The first requirement means that there must be real and substantial differences between the classes
treated differently. As illustrated in the fairly recent Mirasol v. Department of Public Works and
Highways, a real and substantial distinction exists between a motorcycle and other motor vehicles
sufficient to justify its classification among those prohibited from plying the toll ways.

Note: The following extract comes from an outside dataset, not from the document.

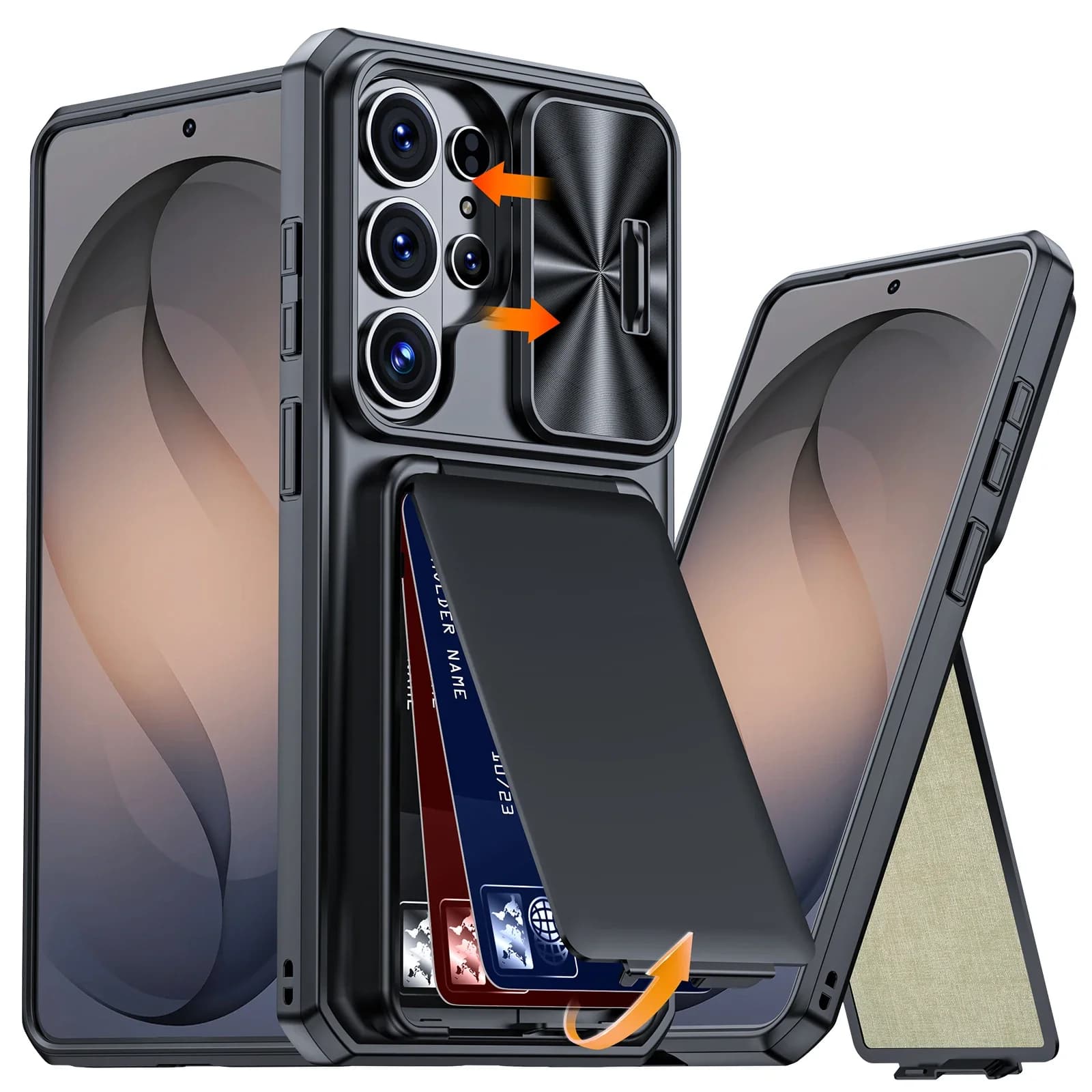 Custodia per Samsung Galaxy S26 Ultra, con protezione fotocamera, in TPU a copertura totale, antiurto - Nera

Not all
motorized vehicles are created equal—a two-wheeled vehicle is less stable and more easily
overturned than a four-wheel vehicle. Nevertheless, the classification would still be invalid if it does
not comply with the second requirement—if it is not germane to the purpose of the law. The third
requirement means that the classification must be enforced not only for the present but as long as
the problem sought to be corrected continues to exist. And, under the last requirement, the
classification would be regarded as invalid if all the members of the class are not treated similarly,
both as to rights conferred and obligations imposed. Applying the four requisites to the instant case,
the Court finds that the differential treatment of persons holding appointive offices as opposed to
those holding elective ones is not germane to the purposes of the law. The obvious reason for the
challenged provision is to prevent the use of a governmental position to promote one’s candidacy,
or even to wield a dangerous or coercive influence on the electorate. The measure is further aimed
at promoting the efficiency, integrity, and discipline of the public service by eliminating the danger
that the discharge of official duty would be motivated by political considerations rather than the
welfare of the public. The restriction is also justified by the proposition that the entry of civil
servants to the electoral arena, while still in office, could result in neglect or inefficiency in the
performance of duty because they would be attending to their campaign rather than to their office
work. If we accept these as the underlying objectives of the law, then the assailed provision cannot
be constitutionally rescued on the ground of valid classification. Glaringly absent is the requisite that
the classification must be germane to the purposes of the law. Indeed, whether one holds an
appointive office or an elective one, the evils sought to be prevented by the measure remain. For
example, the Executive Secretary, or any Member of the Cabinet for that matter, could wield the
same influence as the Vice-President who at the same time is appointed to a Cabinet post. With the
fact that they both head executive offices, there is no valid justification to treat them differently
when both file their CoCs for the elections. Under the present state of our law, the Vice-President, in
the example, running this time, let us say, for President, retains his position during the entire
election period and can still use the resources of his office to support his campaign. As to the danger
of neglect, inefficiency or partisanship in the discharge of the functions of his appointive office, the
inverse could be just as true and compelling. The public officer who files his certificate of candidacy
would be driven by a greater impetus for excellent performance to show his fitness for the position
aspired for. There is thus no valid justification to treat appointive officials differently from the
elective ones. The classification simply fails to meet the test that it should be germane to the
purposes of the law. The measure encapsulated in the second proviso of the third paragraph of
Section 13 of R.A. No. 9369 and in Section 66 of the OEC violates the equal protection clause.